→ TASK STATEMENT: Your reproduction of the entries should be exact and should contain no pictures.

##### GIVEN ENTRIES #####

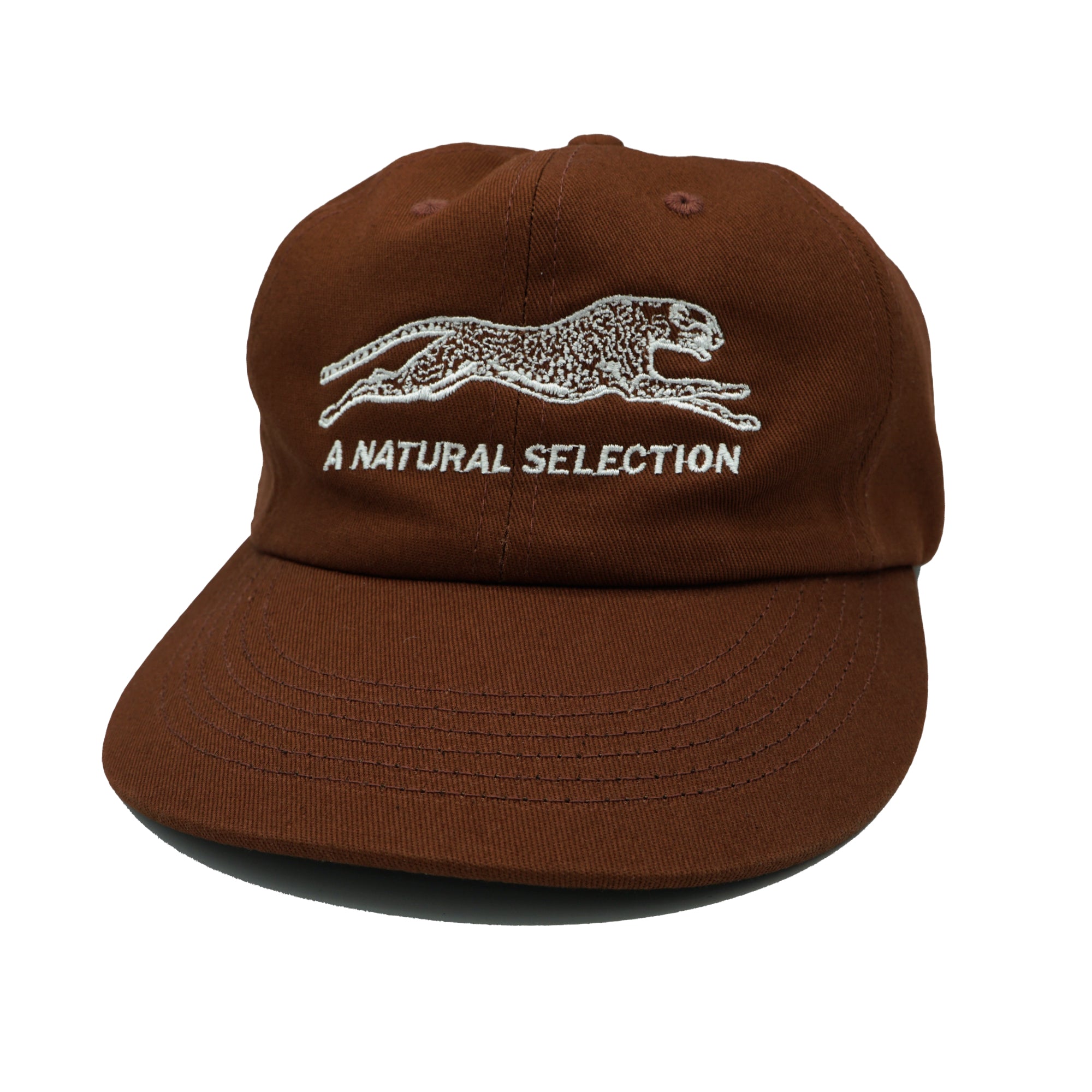 Brother Brother Natural Selection Cap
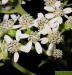 Frostweed flower detail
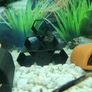 Pleco Caves Image 8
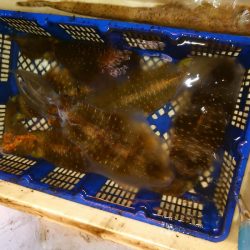 海龍丸（石川） 釣果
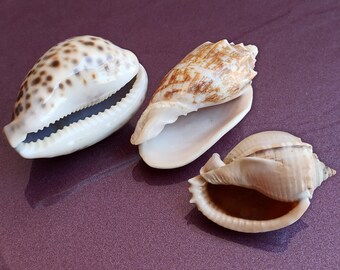 Natural Seashell Set: Large Ocean Shells for Nautical Decor - Etsy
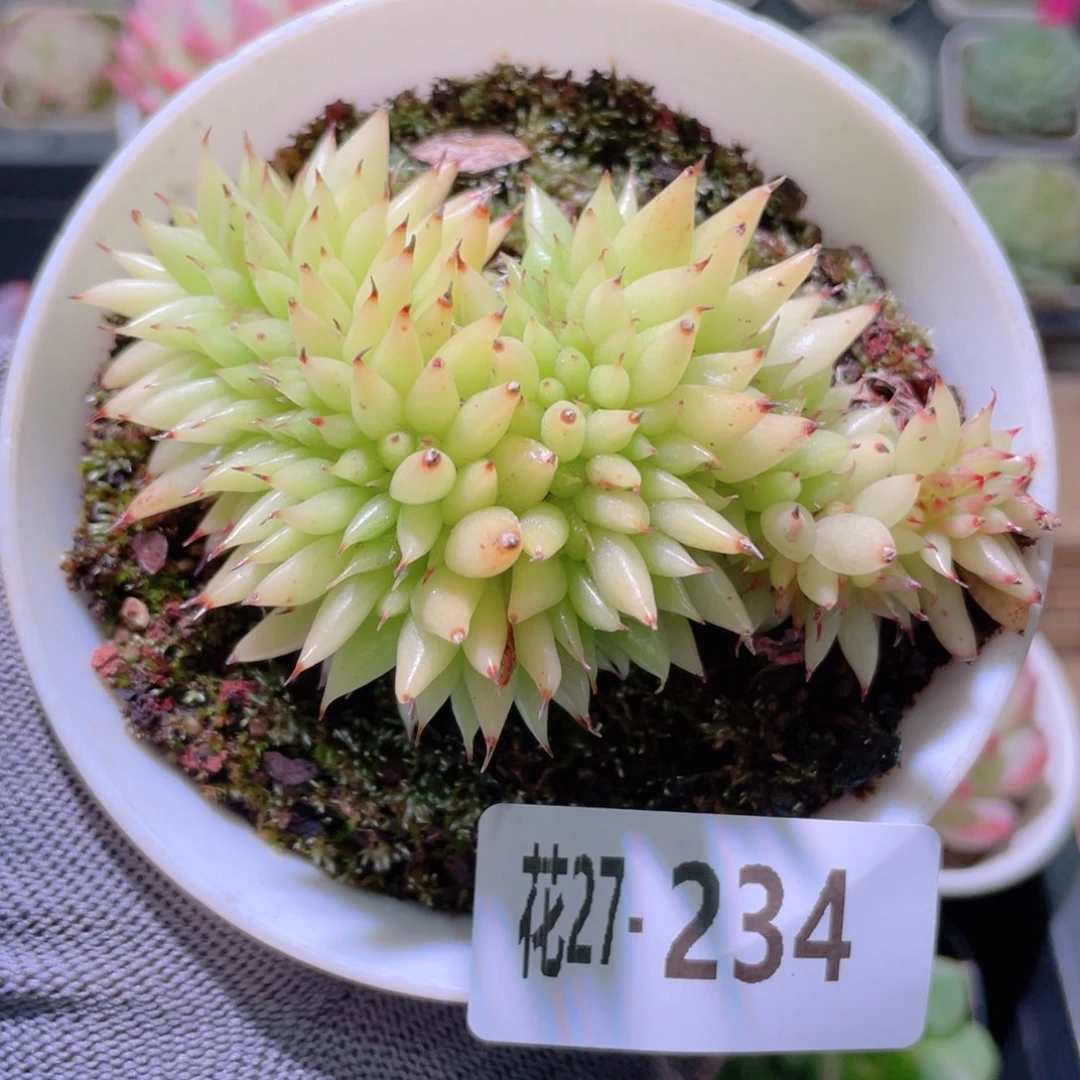 花利美27-234黄金玛利亚缀化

#####

→ RESULT:
 Brother Brother Natural Selection Cap
 Frostweed flower detail
 Pleco Caves Image 8
 海龍丸（石川） 釣果
 Natural Seashell Set: Large Ocean Shells for Nautical Decor - Etsy
 花利美27-234黄金玛利亚缀化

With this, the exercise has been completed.